::: Records for the task

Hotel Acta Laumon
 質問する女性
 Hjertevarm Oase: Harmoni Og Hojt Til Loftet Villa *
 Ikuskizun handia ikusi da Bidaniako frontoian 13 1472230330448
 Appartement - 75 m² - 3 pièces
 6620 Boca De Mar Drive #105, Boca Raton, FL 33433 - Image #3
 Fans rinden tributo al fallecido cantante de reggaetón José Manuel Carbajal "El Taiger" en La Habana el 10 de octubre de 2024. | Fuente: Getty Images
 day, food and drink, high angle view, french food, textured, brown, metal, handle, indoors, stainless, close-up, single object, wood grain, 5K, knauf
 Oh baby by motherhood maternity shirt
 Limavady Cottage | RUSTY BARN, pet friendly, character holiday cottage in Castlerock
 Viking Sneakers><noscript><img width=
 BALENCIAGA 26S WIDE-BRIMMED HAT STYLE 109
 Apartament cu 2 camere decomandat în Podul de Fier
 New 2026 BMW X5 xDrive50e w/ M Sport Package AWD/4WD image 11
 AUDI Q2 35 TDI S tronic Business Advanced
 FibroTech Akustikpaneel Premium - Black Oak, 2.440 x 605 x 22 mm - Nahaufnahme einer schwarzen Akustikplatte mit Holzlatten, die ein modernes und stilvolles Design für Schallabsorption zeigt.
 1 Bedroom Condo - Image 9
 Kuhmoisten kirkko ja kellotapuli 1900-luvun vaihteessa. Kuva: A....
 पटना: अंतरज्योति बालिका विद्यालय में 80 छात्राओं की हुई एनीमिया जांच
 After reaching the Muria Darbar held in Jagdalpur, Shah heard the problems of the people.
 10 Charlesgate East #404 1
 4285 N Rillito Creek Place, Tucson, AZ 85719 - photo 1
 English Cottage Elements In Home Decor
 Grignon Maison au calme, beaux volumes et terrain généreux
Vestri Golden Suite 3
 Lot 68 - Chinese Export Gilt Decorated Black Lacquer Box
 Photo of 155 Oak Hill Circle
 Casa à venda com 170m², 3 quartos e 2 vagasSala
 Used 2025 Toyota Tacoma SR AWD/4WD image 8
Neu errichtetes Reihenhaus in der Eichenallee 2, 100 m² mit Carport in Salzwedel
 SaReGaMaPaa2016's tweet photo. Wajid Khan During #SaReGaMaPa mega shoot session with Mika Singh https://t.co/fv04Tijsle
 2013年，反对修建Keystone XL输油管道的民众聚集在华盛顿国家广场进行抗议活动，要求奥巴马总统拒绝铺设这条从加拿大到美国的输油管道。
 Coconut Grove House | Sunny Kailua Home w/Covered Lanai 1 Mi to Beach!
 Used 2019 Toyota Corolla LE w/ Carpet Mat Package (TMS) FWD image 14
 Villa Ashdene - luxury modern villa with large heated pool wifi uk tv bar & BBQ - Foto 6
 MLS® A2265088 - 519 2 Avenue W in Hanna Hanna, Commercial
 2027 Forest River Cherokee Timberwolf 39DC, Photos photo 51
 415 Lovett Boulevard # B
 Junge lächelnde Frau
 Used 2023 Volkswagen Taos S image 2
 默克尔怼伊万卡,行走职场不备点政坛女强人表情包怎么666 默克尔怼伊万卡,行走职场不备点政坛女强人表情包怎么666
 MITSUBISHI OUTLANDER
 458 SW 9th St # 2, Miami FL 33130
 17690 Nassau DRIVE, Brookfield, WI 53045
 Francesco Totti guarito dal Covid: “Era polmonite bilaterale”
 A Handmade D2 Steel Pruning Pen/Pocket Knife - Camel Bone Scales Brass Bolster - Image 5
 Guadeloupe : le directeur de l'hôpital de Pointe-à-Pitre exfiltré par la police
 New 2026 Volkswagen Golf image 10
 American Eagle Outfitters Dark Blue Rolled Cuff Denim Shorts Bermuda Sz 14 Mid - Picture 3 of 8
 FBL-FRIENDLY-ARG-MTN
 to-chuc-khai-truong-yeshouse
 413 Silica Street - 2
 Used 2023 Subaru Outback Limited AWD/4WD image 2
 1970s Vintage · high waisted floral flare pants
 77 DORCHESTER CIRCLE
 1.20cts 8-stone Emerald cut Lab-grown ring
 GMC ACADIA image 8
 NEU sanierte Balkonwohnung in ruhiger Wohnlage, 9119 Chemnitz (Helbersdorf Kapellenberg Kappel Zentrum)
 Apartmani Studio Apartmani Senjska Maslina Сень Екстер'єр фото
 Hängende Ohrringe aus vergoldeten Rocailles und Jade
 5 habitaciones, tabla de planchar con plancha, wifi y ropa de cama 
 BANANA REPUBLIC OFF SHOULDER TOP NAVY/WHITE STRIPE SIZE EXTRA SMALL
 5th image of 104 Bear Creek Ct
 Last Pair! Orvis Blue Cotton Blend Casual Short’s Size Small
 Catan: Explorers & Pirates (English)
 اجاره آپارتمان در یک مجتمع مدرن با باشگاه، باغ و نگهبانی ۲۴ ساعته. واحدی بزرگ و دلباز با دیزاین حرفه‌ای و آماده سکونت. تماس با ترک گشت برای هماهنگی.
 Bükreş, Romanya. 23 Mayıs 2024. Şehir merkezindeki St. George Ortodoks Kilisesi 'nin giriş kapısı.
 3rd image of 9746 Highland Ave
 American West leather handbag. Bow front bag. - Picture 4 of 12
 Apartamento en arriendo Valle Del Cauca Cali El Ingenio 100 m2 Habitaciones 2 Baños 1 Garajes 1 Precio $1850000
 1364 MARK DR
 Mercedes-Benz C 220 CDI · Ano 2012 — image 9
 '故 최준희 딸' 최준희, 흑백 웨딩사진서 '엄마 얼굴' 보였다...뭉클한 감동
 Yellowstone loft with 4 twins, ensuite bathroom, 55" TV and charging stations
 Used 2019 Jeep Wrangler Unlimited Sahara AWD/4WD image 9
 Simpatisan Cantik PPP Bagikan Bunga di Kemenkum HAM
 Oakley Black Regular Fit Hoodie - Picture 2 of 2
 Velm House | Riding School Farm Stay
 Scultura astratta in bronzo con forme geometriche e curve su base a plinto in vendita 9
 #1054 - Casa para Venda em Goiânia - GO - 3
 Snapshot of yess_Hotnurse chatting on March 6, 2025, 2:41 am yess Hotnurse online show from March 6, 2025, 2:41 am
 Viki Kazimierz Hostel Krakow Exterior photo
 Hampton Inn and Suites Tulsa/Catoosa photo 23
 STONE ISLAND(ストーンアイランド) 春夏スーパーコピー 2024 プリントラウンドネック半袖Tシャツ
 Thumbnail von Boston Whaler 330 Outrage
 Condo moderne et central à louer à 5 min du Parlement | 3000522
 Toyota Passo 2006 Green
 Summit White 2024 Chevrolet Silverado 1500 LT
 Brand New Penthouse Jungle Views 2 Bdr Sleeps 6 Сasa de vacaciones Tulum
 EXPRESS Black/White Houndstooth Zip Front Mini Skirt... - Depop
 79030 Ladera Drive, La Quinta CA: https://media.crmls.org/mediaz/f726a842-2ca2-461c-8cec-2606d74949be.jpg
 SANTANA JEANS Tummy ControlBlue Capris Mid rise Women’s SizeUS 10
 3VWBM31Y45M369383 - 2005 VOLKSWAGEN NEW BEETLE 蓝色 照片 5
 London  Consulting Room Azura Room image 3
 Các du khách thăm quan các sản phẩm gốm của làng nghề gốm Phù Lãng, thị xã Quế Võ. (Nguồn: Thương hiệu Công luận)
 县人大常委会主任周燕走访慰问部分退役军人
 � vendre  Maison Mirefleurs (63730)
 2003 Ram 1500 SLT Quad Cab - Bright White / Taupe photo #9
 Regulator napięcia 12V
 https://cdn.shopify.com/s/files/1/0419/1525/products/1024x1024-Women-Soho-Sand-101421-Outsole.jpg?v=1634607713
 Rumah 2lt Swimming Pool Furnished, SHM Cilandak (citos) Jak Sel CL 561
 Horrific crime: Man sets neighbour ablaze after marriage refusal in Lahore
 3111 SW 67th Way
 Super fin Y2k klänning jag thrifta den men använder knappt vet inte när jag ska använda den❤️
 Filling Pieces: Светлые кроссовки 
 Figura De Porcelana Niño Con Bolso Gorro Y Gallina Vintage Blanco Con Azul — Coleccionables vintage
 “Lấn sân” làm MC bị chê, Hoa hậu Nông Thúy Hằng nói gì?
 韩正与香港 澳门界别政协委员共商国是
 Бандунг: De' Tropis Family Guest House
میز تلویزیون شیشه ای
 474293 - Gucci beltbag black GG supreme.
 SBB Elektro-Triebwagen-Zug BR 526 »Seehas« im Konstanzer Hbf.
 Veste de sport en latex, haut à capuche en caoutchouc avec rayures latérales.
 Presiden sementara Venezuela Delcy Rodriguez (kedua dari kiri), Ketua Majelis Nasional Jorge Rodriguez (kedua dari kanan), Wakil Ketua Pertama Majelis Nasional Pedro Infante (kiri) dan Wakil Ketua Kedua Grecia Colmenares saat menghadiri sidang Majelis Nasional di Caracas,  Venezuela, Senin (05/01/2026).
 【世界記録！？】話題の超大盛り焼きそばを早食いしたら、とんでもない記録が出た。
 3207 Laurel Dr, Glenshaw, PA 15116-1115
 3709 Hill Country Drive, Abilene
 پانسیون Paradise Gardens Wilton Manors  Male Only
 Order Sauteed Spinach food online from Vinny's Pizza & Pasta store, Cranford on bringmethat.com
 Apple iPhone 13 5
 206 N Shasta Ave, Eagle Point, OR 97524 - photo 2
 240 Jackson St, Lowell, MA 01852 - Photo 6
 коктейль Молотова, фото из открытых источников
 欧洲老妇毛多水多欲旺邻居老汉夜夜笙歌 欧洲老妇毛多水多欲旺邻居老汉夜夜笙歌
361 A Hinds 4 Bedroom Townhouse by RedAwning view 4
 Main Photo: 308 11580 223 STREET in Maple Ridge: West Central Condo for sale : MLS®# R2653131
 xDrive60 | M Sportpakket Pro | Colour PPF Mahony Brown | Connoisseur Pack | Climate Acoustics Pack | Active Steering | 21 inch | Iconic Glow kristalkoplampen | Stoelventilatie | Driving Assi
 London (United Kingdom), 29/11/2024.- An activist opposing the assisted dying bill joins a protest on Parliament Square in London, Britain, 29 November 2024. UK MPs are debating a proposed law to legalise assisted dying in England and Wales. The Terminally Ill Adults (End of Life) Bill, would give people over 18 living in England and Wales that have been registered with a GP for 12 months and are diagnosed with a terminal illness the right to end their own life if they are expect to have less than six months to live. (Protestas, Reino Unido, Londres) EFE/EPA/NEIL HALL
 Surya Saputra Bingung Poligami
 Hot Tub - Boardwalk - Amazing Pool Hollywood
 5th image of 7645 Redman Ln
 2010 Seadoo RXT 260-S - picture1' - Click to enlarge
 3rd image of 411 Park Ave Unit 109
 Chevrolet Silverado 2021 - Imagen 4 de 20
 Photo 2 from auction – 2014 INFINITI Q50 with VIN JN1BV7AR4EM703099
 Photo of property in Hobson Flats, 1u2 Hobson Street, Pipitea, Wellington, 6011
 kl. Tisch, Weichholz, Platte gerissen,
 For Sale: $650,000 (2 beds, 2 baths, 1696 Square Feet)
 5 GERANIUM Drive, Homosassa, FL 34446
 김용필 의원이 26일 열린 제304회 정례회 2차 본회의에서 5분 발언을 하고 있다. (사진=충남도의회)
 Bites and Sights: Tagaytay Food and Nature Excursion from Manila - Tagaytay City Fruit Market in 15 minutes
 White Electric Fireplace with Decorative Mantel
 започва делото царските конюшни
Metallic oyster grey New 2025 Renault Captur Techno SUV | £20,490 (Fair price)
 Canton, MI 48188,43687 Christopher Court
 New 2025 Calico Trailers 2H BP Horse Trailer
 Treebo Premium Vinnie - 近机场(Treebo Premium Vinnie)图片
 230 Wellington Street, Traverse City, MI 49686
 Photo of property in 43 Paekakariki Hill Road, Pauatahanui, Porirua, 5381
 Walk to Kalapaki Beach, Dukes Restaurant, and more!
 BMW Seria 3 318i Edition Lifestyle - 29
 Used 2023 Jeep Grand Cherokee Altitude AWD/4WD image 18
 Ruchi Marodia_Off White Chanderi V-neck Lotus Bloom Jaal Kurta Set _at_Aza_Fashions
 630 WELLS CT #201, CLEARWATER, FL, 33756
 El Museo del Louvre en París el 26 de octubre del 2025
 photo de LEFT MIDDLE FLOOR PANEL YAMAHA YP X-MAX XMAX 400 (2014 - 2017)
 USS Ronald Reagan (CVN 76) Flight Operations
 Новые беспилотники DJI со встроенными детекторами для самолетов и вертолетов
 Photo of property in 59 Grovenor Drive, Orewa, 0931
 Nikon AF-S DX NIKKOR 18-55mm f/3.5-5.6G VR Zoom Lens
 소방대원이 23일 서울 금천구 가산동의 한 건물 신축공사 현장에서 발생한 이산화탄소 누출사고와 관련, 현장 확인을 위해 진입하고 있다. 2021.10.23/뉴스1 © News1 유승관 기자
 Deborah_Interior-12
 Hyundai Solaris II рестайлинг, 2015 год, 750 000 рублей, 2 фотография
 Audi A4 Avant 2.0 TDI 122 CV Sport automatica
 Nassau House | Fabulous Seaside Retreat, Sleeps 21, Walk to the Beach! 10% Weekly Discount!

::::::

» Exercise:
An exact copy of the lines above, from the one containing "Bites and Sights: Tagaytay" down to the one containing "230 Wellington Street, Traverse" and including both, is the whole answer; retype it and nothing else.

» Your response:
 Bites and Sights: Tagaytay Food and Nature Excursion from Manila - Tagaytay City Fruit Market in 15 minutes
 White Electric Fireplace with Decorative Mantel
 започва делото царските конюшни
Metallic oyster grey New 2025 Renault Captur Techno SUV | £20,490 (Fair price)
 Canton, MI 48188,43687 Christopher Court
 New 2025 Calico Trailers 2H BP Horse Trailer
 Treebo Premium Vinnie - 近机场(Treebo Premium Vinnie)图片
 230 Wellington Street, Traverse City, MI 49686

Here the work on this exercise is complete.